La journée d’action nationale de visite des lieux de privation de liberté, organisée le 15 mars 2023, offre un instantané alarmant de la réalité carcérale française. Les rapports issus de ces visites, décrivant des conditions précaires de détention, vont de la promiscuité à l’insalubrité, sans oublier des soins médicaux, souvent inadaptés. Cette mobilisation, bien que salutaire, révèle une certaine inertie gouvernementale face à la nécessité d’une réforme profonde du système pénitentiaire, et ce, malgré des débats législatifs récurrents sur le sujet.
La discussion semble donc avoir assez duré, la CEDH et les rapports du CGLPL (Contrôleur général des lieux de privation de liberté) ayant rappelé l’urgence d’agir en adoptant une approche réformatrice plus humaine visant à améliorer le quotidien des détenus et repenser le sens et l’objectif premier de la détention : la réinsertion.

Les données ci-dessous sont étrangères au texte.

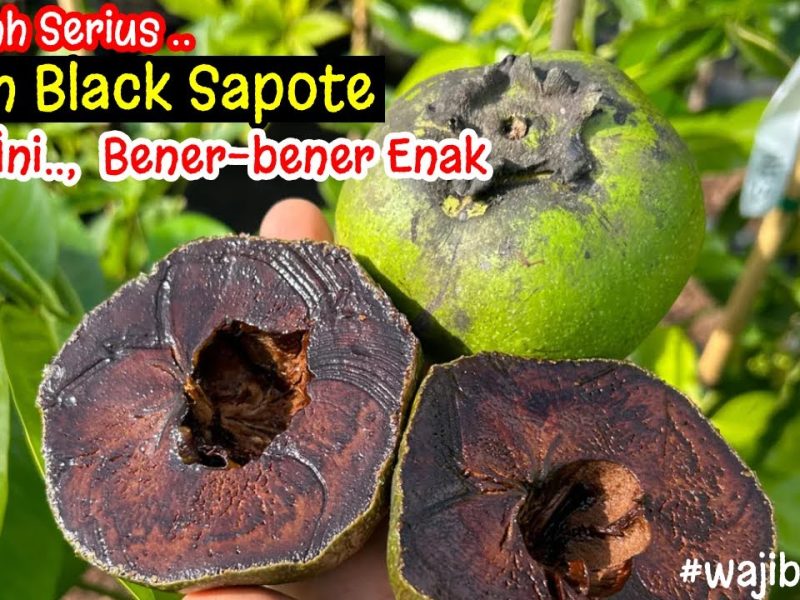 Black Sapote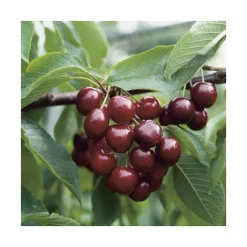 Cerisier Big. Géant D'Hedelfingen. Le pot de 12 litres, forme gobelet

Il est important de noter que la remise en question de l’utilité de la prison est double. Mettre en avant les conditions indignes dans lesquelles les détenus sont maintenus ne cherche pas à contester les sentences qui leur sont imposées, c’est-à-dire à remettre en question l’autorité et l’autonomie du juge. La prison, dans son idéal, a pour but d’isoler de la société les individus considérés comme dangereux, en espérant que leur temps passé en cellule les remet dans le droit chemin. Cependant, la réelle efficacité de la prison telle qu’elle existe aujourd’hui laisse perplexe. Elle est qualifiée par certains « d’école » ou encore « d’antichambre » du crime, cette vision trouvant un écho logique dans le fait que les séjours en prison, dans des conditions extrêmement précaires, ne sont guère susceptibles d’amender la nature des détenus. Au contraire, ces conditions de vie déplorables tendent à aggraver leur situation. De plus, considérant le coût financier de la détention, il apparaît que l’investissement dans un tel système ne bénéficie réellement ni aux détenus ni aux victimes, engendrant ainsi une dépense en apparence inutile. En fin de compte, cette situation ne fait qu’exacerber une défiance déjà manifeste envers le système judiciaire, en renforçant les positions en faveur du rétablissement de la peine de mort. La disparition de Robert Badinter nous rappelle l’importance de ne jamais tenir pour acquis les victoires du passé; les luttes d’hier demeurant celles d’aujourd’hui. Il est donc impératif de veiller au respect des droits fondamentaux, y compris ceux des personnes incarcérées, pour préserver l’intégrité de notre justice.
La France se trouve donc à un carrefour crucial : poursuivre sur la voie de la négligence et de l’inaction, ou suivre une réforme audacieuse qui place la dignité humaine au cœur de sa politique carcérale, conformément aux directives et aux condamnations émises par la Cour européenne des droits de l’homme.